START Material shown
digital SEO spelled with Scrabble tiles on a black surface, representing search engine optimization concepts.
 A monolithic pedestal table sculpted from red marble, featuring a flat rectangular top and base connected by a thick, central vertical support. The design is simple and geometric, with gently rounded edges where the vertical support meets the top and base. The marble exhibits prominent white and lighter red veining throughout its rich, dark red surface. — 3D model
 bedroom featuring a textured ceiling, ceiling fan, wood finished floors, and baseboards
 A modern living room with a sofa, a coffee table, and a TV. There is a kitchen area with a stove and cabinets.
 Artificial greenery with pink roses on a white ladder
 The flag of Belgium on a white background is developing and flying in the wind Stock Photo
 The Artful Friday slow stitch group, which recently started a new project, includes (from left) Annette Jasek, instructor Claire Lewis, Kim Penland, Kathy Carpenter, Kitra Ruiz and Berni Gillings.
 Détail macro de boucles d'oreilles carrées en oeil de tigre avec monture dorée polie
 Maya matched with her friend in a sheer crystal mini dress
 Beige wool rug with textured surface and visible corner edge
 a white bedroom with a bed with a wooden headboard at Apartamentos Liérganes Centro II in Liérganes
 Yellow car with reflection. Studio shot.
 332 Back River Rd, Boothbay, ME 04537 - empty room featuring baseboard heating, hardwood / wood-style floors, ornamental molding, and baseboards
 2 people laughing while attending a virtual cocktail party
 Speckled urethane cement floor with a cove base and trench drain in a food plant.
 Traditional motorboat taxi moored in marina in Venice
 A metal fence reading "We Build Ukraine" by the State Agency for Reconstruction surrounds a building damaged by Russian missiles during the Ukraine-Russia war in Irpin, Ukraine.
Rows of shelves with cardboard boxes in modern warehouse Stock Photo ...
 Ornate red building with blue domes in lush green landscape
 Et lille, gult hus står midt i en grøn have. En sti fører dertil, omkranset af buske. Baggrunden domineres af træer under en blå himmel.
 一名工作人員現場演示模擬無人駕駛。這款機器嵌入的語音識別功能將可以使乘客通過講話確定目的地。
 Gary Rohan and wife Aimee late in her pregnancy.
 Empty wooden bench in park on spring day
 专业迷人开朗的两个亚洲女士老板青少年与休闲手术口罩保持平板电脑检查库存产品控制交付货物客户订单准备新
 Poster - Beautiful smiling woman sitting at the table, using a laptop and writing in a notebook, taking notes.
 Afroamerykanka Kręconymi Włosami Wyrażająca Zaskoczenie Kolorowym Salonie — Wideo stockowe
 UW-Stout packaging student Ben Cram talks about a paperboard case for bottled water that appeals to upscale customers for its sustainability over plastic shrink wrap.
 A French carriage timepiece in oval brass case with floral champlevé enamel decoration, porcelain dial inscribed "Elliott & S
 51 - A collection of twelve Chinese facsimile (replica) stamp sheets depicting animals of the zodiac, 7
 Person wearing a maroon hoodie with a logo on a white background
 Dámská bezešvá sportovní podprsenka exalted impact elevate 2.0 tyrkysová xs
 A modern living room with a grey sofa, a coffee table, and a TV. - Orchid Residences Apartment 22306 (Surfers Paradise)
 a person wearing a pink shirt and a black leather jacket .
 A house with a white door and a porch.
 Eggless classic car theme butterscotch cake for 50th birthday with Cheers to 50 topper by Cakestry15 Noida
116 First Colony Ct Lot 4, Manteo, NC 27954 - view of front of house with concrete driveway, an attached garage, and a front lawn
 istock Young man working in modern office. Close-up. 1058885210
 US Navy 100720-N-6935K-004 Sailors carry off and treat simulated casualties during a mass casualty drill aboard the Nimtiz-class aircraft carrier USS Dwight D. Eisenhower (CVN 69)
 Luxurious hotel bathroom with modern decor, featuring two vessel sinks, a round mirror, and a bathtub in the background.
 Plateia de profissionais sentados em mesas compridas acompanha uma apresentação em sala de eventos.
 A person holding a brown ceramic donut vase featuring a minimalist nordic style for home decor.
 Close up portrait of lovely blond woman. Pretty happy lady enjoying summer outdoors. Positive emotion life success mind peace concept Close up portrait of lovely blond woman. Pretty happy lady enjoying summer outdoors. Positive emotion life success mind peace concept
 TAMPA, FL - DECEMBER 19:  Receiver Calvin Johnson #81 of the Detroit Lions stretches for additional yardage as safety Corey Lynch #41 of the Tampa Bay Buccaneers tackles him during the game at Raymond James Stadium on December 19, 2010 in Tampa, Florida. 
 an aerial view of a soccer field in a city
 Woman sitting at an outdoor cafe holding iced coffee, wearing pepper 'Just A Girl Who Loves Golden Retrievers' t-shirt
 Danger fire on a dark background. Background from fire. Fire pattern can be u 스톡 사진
END Material shown
▶ [Task instructions] Nothing is to be left out, and every entry is to be transcribed exactly.

▶ [Written response]
digital SEO spelled with Scrabble tiles on a black surface, representing search engine optimization concepts.
 A monolithic pedestal table sculpted from red marble, featuring a flat rectangular top and base connected by a thick, central vertical support. The design is simple and geometric, with gently rounded edges where the vertical support meets the top and base. The marble exhibits prominent white and lighter red veining throughout its rich, dark red surface. — 3D model
 bedroom featuring a textured ceiling, ceiling fan, wood finished floors, and baseboards
 A modern living room with a sofa, a coffee table, and a TV. There is a kitchen area with a stove and cabinets.
 Artificial greenery with pink roses on a white ladder
 The flag of Belgium on a white background is developing and flying in the wind Stock Photo
 The Artful Friday slow stitch group, which recently started a new project, includes (from left) Annette Jasek, instructor Claire Lewis, Kim Penland, Kathy Carpenter, Kitra Ruiz and Berni Gillings.
 Détail macro de boucles d'oreilles carrées en oeil de tigre avec monture dorée polie
 Maya matched with her friend in a sheer crystal mini dress
 Beige wool rug with textured surface and visible corner edge
 a white bedroom with a bed with a wooden headboard at Apartamentos Liérganes Centro II in Liérganes
 Yellow car with reflection. Studio shot.
 332 Back River Rd, Boothbay, ME 04537 - empty room featuring baseboard heating, hardwood / wood-style floors, ornamental molding, and baseboards
 2 people laughing while attending a virtual cocktail party
 Speckled urethane cement floor with a cove base and trench drain in a food plant.
 Traditional motorboat taxi moored in marina in Venice
 A metal fence reading "We Build Ukraine" by the State Agency for Reconstruction surrounds a building damaged by Russian missiles during the Ukraine-Russia war in Irpin, Ukraine.
Rows of shelves with cardboard boxes in modern warehouse Stock Photo ...
 Ornate red building with blue domes in lush green landscape
 Et lille, gult hus står midt i en grøn have. En sti fører dertil, omkranset af buske. Baggrunden domineres af træer under en blå himmel.
 一名工作人員現場演示模擬無人駕駛。這款機器嵌入的語音識別功能將可以使乘客通過講話確定目的地。
 Gary Rohan and wife Aimee late in her pregnancy.
 Empty wooden bench in park on spring day
 专业迷人开朗的两个亚洲女士老板青少年与休闲手术口罩保持平板电脑检查库存产品控制交付货物客户订单准备新
 Poster - Beautiful smiling woman sitting at the table, using a laptop and writing in a notebook, taking notes.
 Afroamerykanka Kręconymi Włosami Wyrażająca Zaskoczenie Kolorowym Salonie — Wideo stockowe
 UW-Stout packaging student Ben Cram talks about a paperboard case for bottled water that appeals to upscale customers for its sustainability over plastic shrink wrap.
 A French carriage timepiece in oval brass case with floral champlevé enamel decoration, porcelain dial inscribed "Elliott & S
 51 - A collection of twelve Chinese facsimile (replica) stamp sheets depicting animals of the zodiac, 7
 Person wearing a maroon hoodie with a logo on a white background
 Dámská bezešvá sportovní podprsenka exalted impact elevate 2.0 tyrkysová xs
 A modern living room with a grey sofa, a coffee table, and a TV. - Orchid Residences Apartment 22306 (Surfers Paradise)
 a person wearing a pink shirt and a black leather jacket .
 A house with a white door and a porch.
 Eggless classic car theme butterscotch cake for 50th birthday with Cheers to 50 topper by Cakestry15 Noida
116 First Colony Ct Lot 4, Manteo, NC 27954 - view of front of house with concrete driveway, an attached garage, and a front lawn
 istock Young man working in modern office. Close-up. 1058885210
 US Navy 100720-N-6935K-004 Sailors carry off and treat simulated casualties during a mass casualty drill aboard the Nimtiz-class aircraft carrier USS Dwight D. Eisenhower (CVN 69)
 Luxurious hotel bathroom with modern decor, featuring two vessel sinks, a round mirror, and a bathtub in the background.
 Plateia de profissionais sentados em mesas compridas acompanha uma apresentação em sala de eventos.
 A person holding a brown ceramic donut vase featuring a minimalist nordic style for home decor.
 Close up portrait of lovely blond woman. Pretty happy lady enjoying summer outdoors. Positive emotion life success mind peace concept Close up portrait of lovely blond woman. Pretty happy lady enjoying summer outdoors. Positive emotion life success mind peace concept
 TAMPA, FL - DECEMBER 19:  Receiver Calvin Johnson #81 of the Detroit Lions stretches for additional yardage as safety Corey Lynch #41 of the Tampa Bay Buccaneers tackles him during the game at Raymond James Stadium on December 19, 2010 in Tampa, Florida. 
 an aerial view of a soccer field in a city
 Woman sitting at an outdoor cafe holding iced coffee, wearing pepper 'Just A Girl Who Loves Golden Retrievers' t-shirt
 Danger fire on a dark background. Background from fire. Fire pattern can be u 스톡 사진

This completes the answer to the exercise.